From my observation, most of the “conventions” about real estate investing are misnamed. I’m not sure that there is a suitable word for them. Maybe something like a sales attempt. They are a collection of sales presentations to the participants. I have gone to conventions as early as the early '80s, although not for a while now.
The so-called “conventions” have the format of a person doing a speach or “presentation” which is seen by the uninitiated as an educational experience. The presenter or speaker, discusses some approach to investing or some techniques of investors, or some source of purchases and gives some information about how the whole thing works. Then s/he mentions his/her educational materials about this topic which can be bought from the people who are sponsoring the convention. End of presentation.
Then there is another presenter talking about a different subject and the format repeats. Typically there are two or three speakers in a day. Sometimes there is some other meeting at which no particular product is being sold, just a presentation about the topic, typically, when dealing with real estate investing, urging people who are not already real estate investors to get into it. There may be some other variations such as some awards to people who have been outstanding investors or to speakers who are “outstanding educators or speakers.”
But the whole thrust of the event, from the presenters and the sponsor’s viewpoint, is to sell those materials. After the convention is over, the speakers/presenters get an accounting of how many people were counted at the event or at their presentation and then their gross sales volume is presented, then the calculation is made of number of dollars of sales per head of attendees. Typically, it was about $40-$120 a head when I was in touch with these events.
Sometimes there may actually be something to be learned at the presentations. Always there is something to be bought.
My observation is that the speakers who lie the most sell the most. Those who can get the particpants pumped up emotionally tend to sell the best. The quality of the materials is typically unrelated to the amount of the materials sold. The usual “convention” that I attended sold materials which ranged from dismal in quality to pretty good, depending upon the particular author of the materials. And some of those who were genuinely successful investors had poor materials because they were not good teachers or good writers. It is my belief that some of the speakers did not write their own “educational materials,” as I know of a couple of people who worked as ghost writers for speakers.

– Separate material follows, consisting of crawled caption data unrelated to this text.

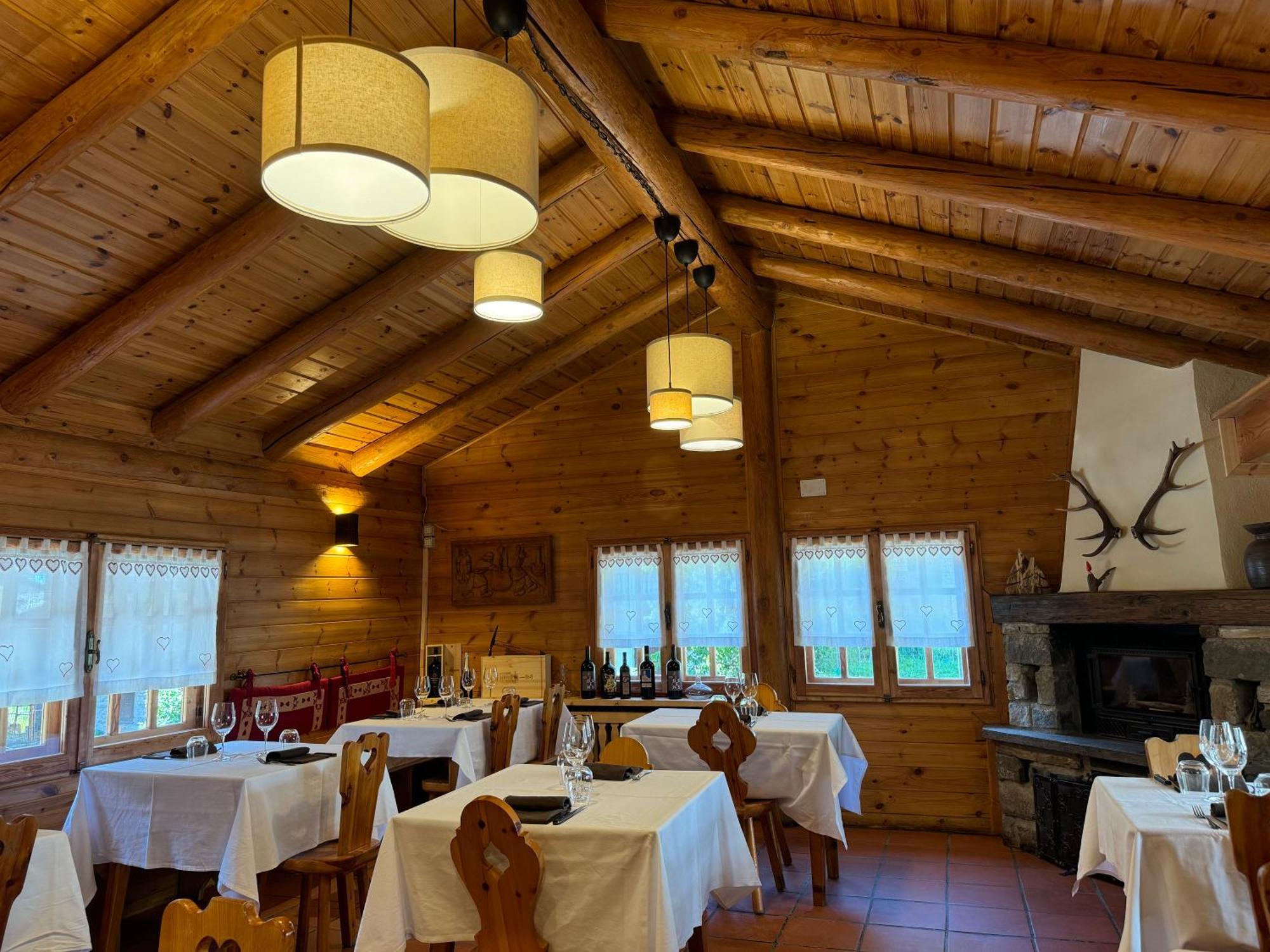 Hotel Ondezana Cogne Bagian luar foto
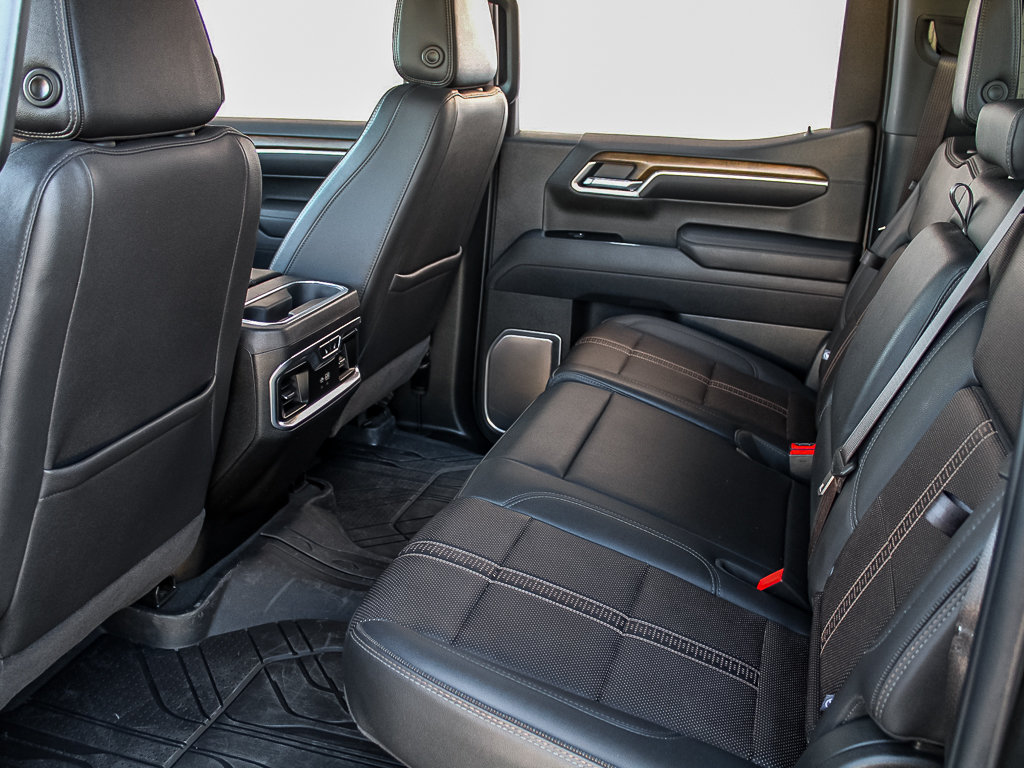 Used 2025 Chevrolet Silverado 1500 High Country w/ Midnight Edition AWD/4WD image 23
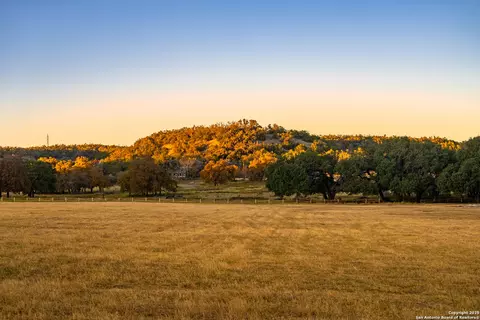 326 Lehne Ln, Fredericksburg, TX 78624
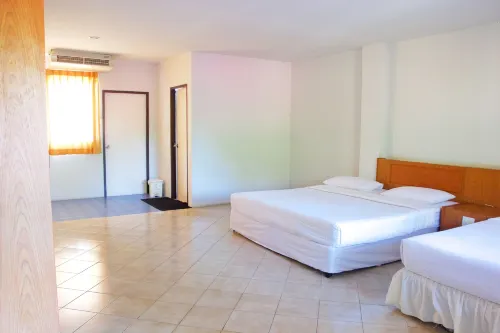 Sichang Shine Khao Resort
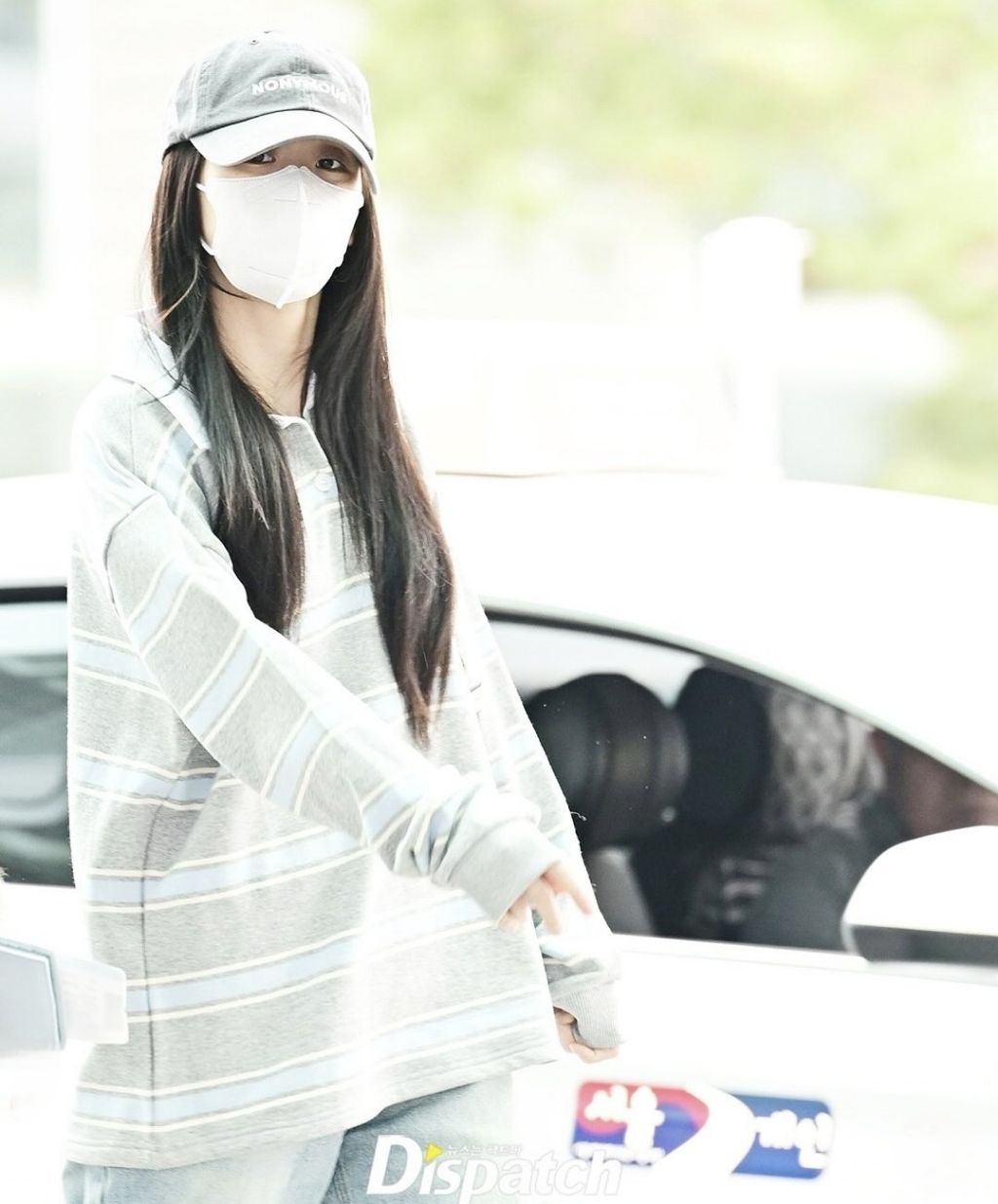 오늘자-출국하는-블랙핑크-지수-1-이미지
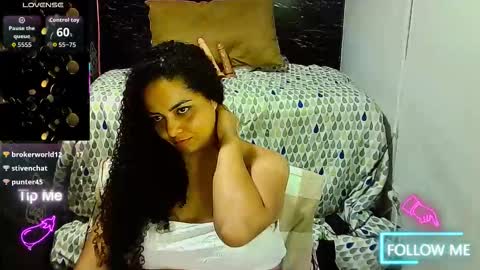 _milf_naughty online show from February 3, 2026, 7:13 am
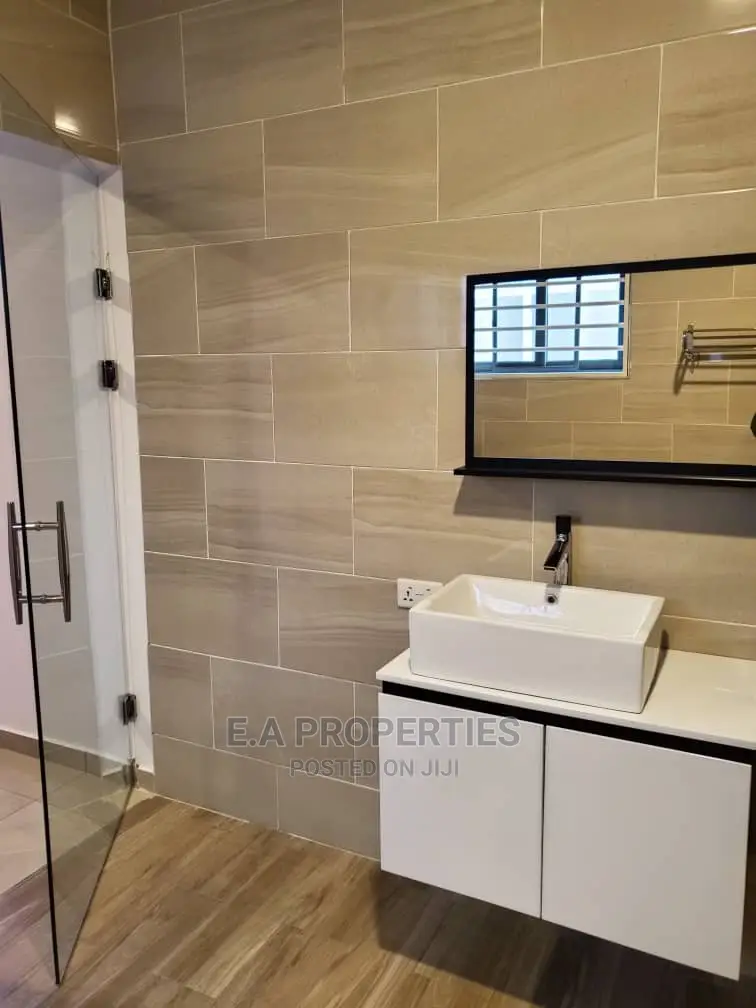 4bdrm House in E a Propertis, School Junction for Sale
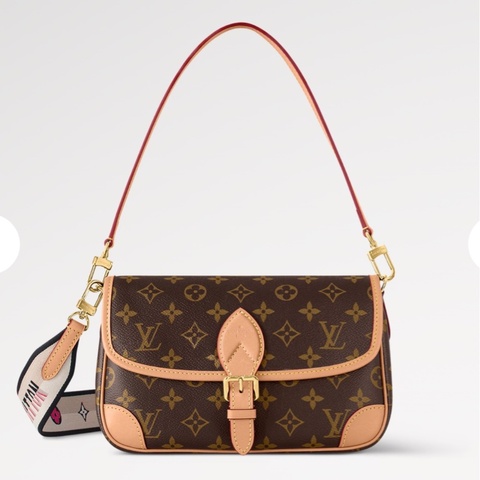 LV Diane 法棍可側背或單咩 是近期火熱的搶手手袋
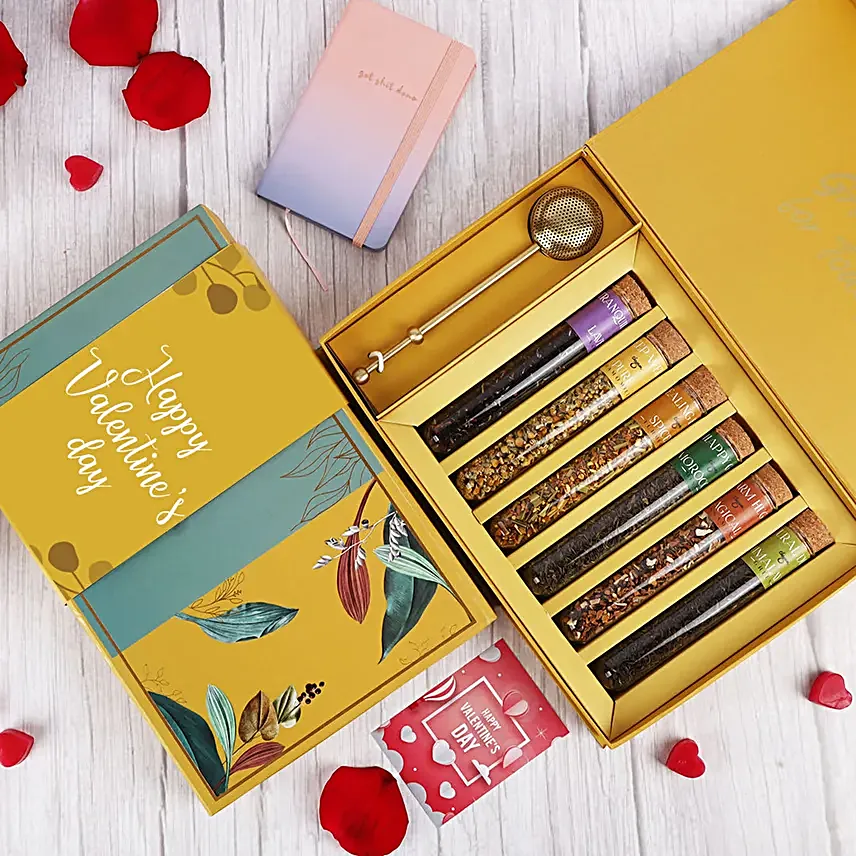 Chayam Personalised Tea Treasure Gift Box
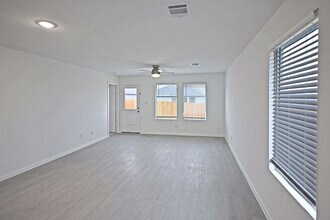 350 Kayden Ct in Santa Clara, TX - Building Photo - Building Photo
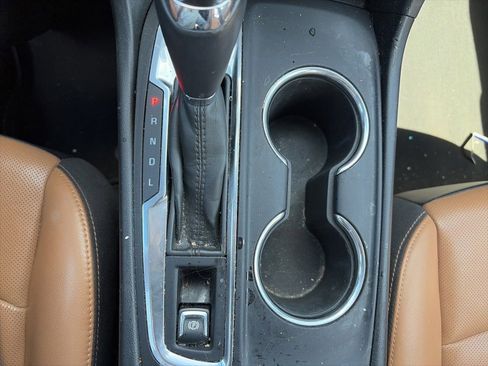 Used 2018 Chevrolet Equinox Premier FWD image 20
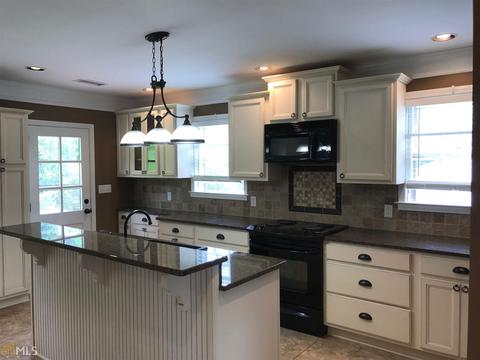 453 Gordon Cir, Lagrange, GA 30240 photo 3
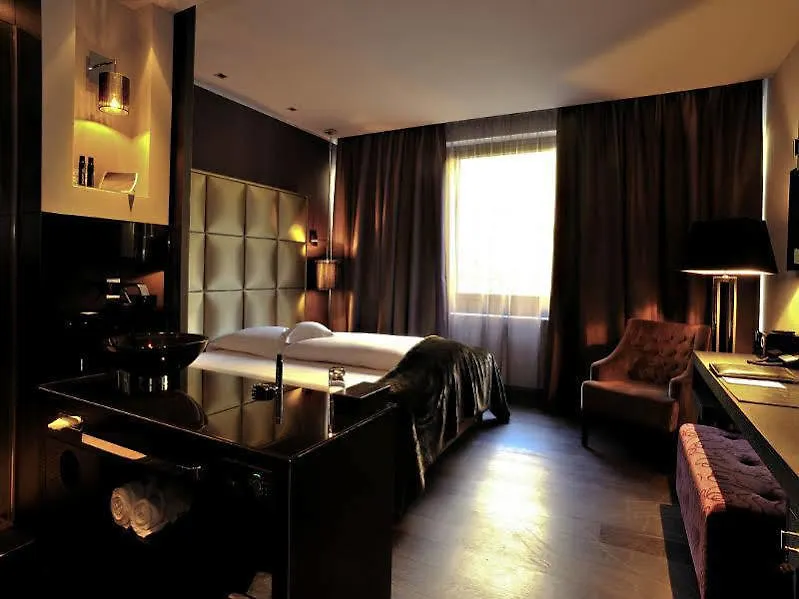 Roomers Frankfurt Central, Autograph Collection Frankfurt am Main Szálloda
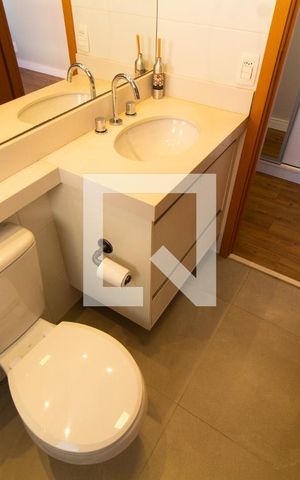 Apartamento para alugar com 57m², 2 quartos e 2 vagas Apartamento para alugar com 57m², 2 quartos e 2 vagasBanheiro Suíte 2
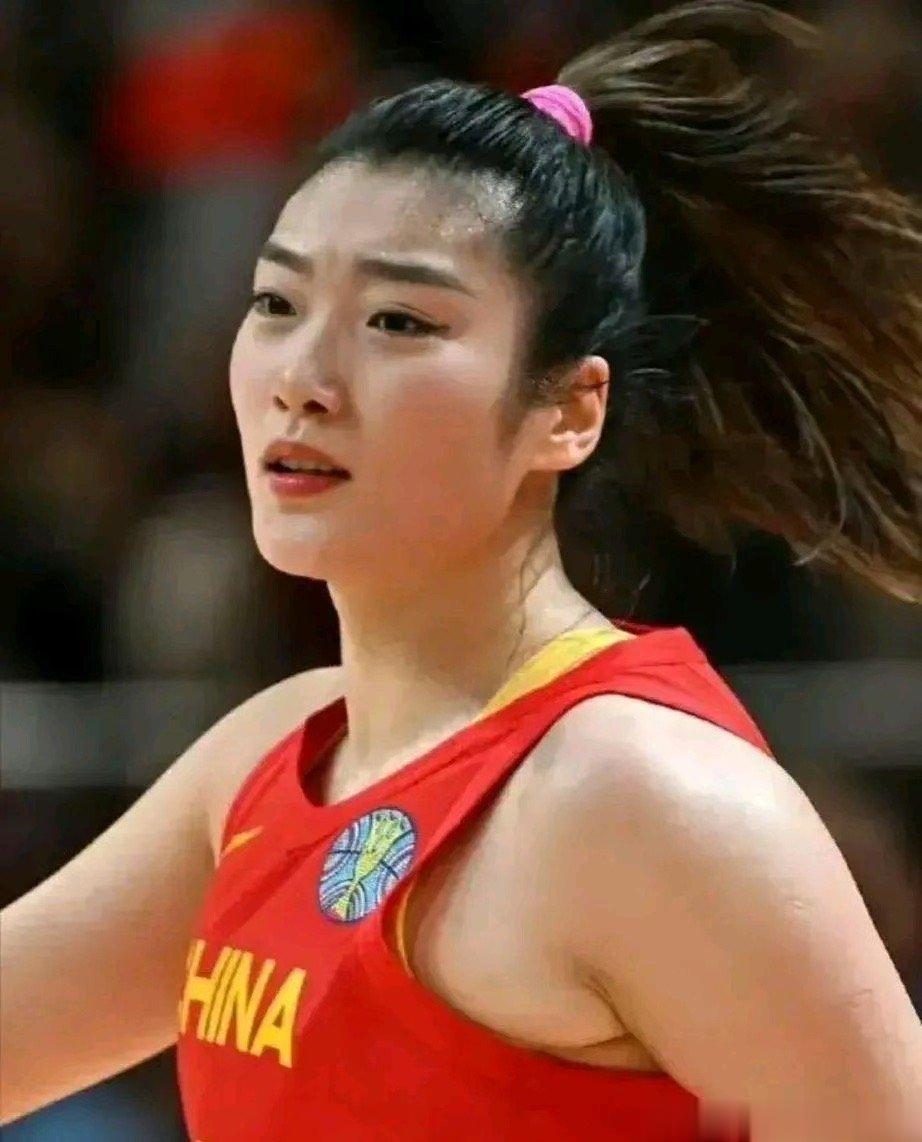 女篮台柱子不能被一个前领队毁了，支持中国女篮，她们取得现在的成绩容易吗？孰是孰非(1)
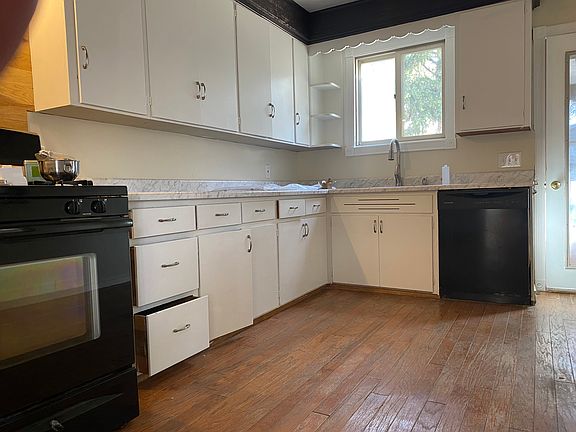 5th image of 1546 Westwood Ave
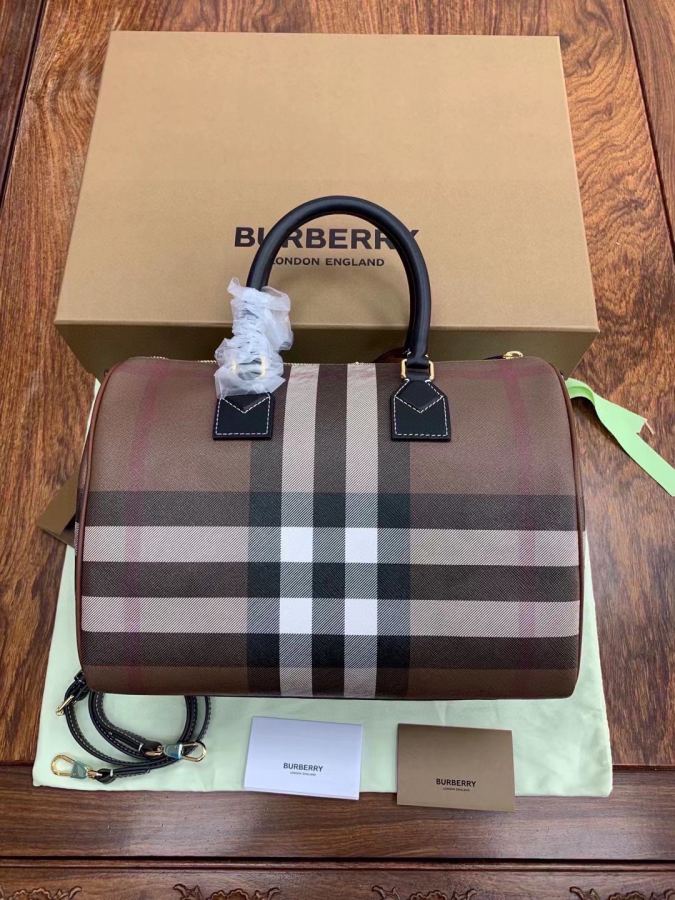 1:1 Replica Burberry bag genuine — AAA Quality Replica — photo 2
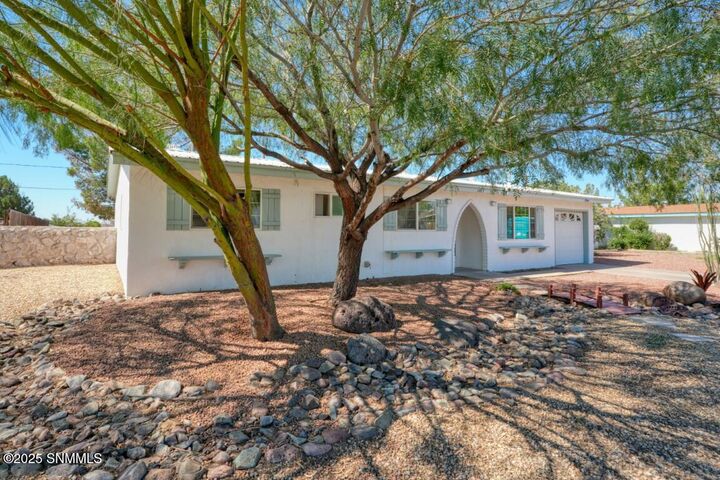 Property Photo: 2013 Evelyn Street NM 88001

And the “package” prices were always much higher than those for books which can be bought in bookstores. When tradional real estate investing books were selling for $15 to $30 in bookstores, the “packages” of the books and tapes of the speakers typically sold for about $275 to $600 each. Many of them had less educational value, in my opinion, than the average bookstore book on real estate investing.
But this is a very inefficient marketing method. The sponsor’s had huge overhead for advertising and costs of the hotel rooms where the conventions were held. And they had to split the profit with the speakers, “authors.”
Please understand that I am speaking about conventions I attended in the past. I have not attemded a CREONLINE.COM convention. I can not comment on what those are like. From the comments posted here on CREONLINE.COM by attendees at the CREONLINE.COM conventions, there seems to be a great enthusiasm for them. Many people seem to find them so much to their liking that they attend them repeatedly. That I take to be a good sign. That the attendees have not gone home, cooled down and then though: “Whoa, I was sold a bill of goods. I’m not going to that thing again.”
What are secondary education conventions like? Anything like what I have described?